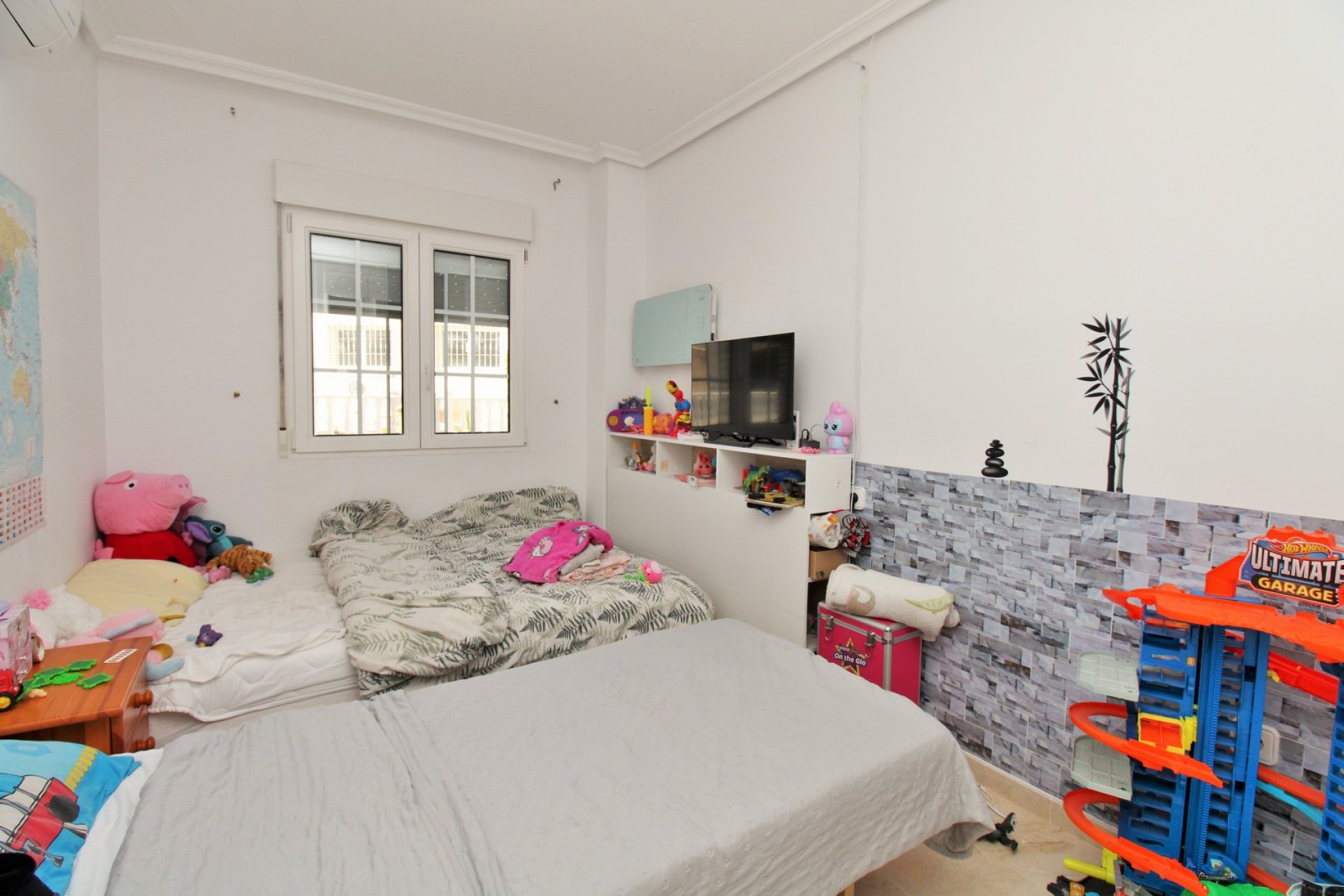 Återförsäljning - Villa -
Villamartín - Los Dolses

___

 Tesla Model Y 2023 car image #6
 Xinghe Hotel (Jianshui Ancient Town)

___

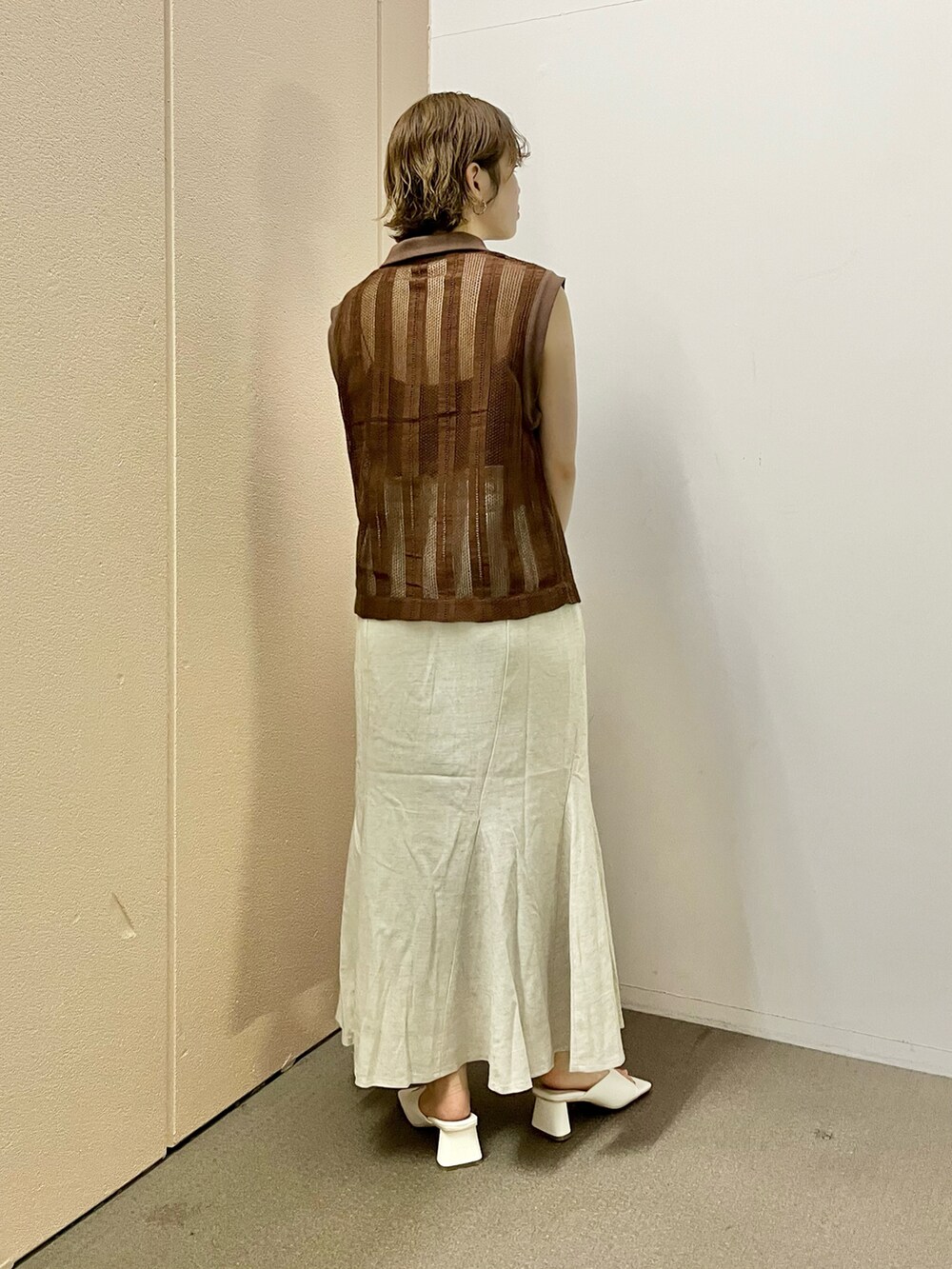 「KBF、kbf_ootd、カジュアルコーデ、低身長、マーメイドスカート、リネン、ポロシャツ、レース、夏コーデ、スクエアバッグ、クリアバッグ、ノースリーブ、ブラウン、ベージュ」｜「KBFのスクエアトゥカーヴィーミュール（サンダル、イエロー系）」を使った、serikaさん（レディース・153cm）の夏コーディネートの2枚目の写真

___

Without the pictures, give again exactly the lines above starting at the line containing "Återförsäljning - Villa" and ending at the line containing "Villamartín - Los Dolses".

 Återförsäljning - Villa -
Villamartín - Los Dolses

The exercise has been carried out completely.